Sap
April 15, 2010
Isn’t it difficult to register on these dating websites with only one name?
So asks the wonderful Mr Eugenides, with what I feel ought to count as a Classic Sentence from the Guardian. He’s responding to this,
After this long, dark, pointlessly bitter winter, my sap is rising at an exponential rate.
And this,
Usually, I only act when I see something completely and utterly spectacular, the ultimate best thing ever, a sole Prada piece in a sea of Primark.
And this,
What if “true love” is a pathetic, filthy, perfidious gigolo who will open its pants for anyone who shows it a little bit of attention? That is to say, it’s a deceitful and damaging fantasy.
All of which alerts us to the mating urges of Bidisha, the rising of whose sap raises issues of great intrigue. Who, after all, could hope to meet the exacting standards of a “non-white angry political female” who can detect misogyny and racism in the movements of atoms? And who describes those who don’t share her dogmatic suppositions as “lazy,” “complacent” and “apolitical.” And surely an official partnership is out of the question?

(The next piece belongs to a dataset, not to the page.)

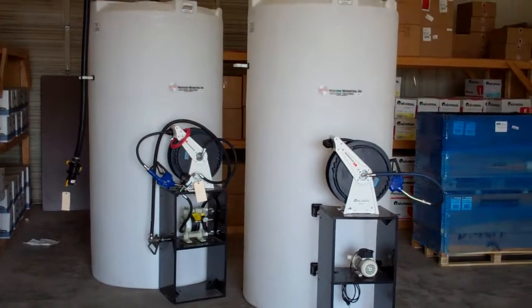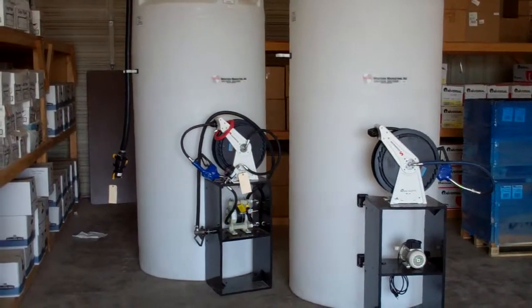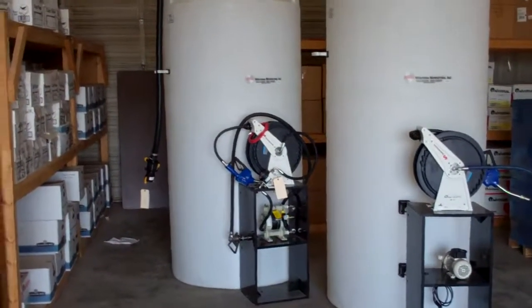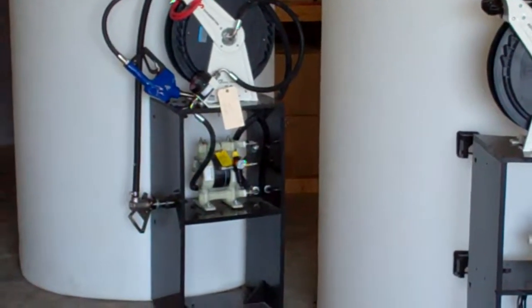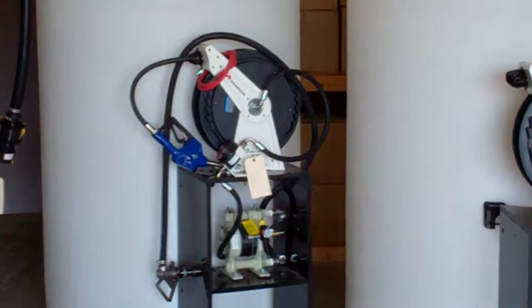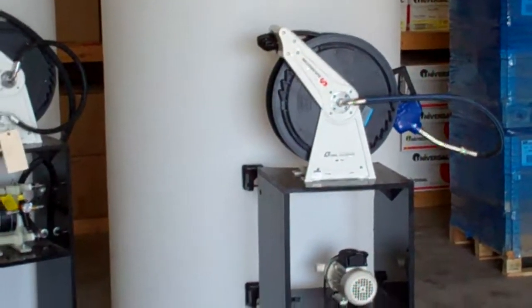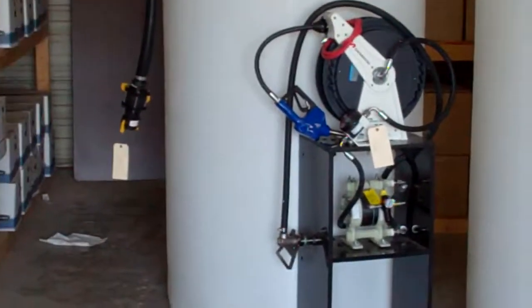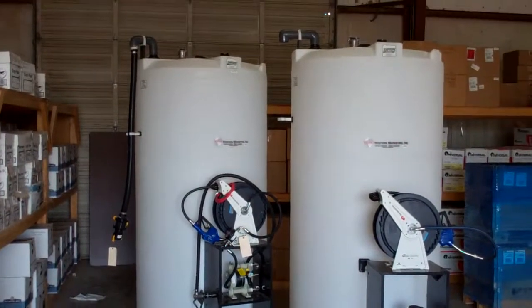Here's a shot of some of our 700-gallon vertical DEF tanks that have been adapted with a couple of different pump styles. This one has an AOD pump down on the detachable cabinet and the hose reel on top. This one is an electric pump with the hose reel. These tanks have 700-gallon capacity with non-vented lids.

Wedlock. It’s the kind of word that ought to send chills down a modern woman’s spine. It describes with deadly aptness the prison-like qualities of that institution and evokes a cold sense of confinement and consignment... The hermetic seal of wedlock provides the perfect cover, the immaculate veneer which conceals at worst domestic violence and emotional abuse and, as a norm, a vast well-documented housework and childcare disparity between the sexes... I have no deep desire to get involved in the legalised prostitution trap cum labour exploitation racket that is wedded bliss.
There was, I seem to recall, a brief enthusiasm for the “kinkiness” of celibacy. Followed by much pining over the actress Sandra Bullock:
I love Bullock’s tawny tallness... I also want to buff her all over and comb her russet hair for hours like a keen stablehand at a pony parlour.
I’d assumed Bidisha dealt with any residual mating urges by less orthodox means, thus signalling her status as a counter-cultural force. Say, by releasing spores into a strong crosswind.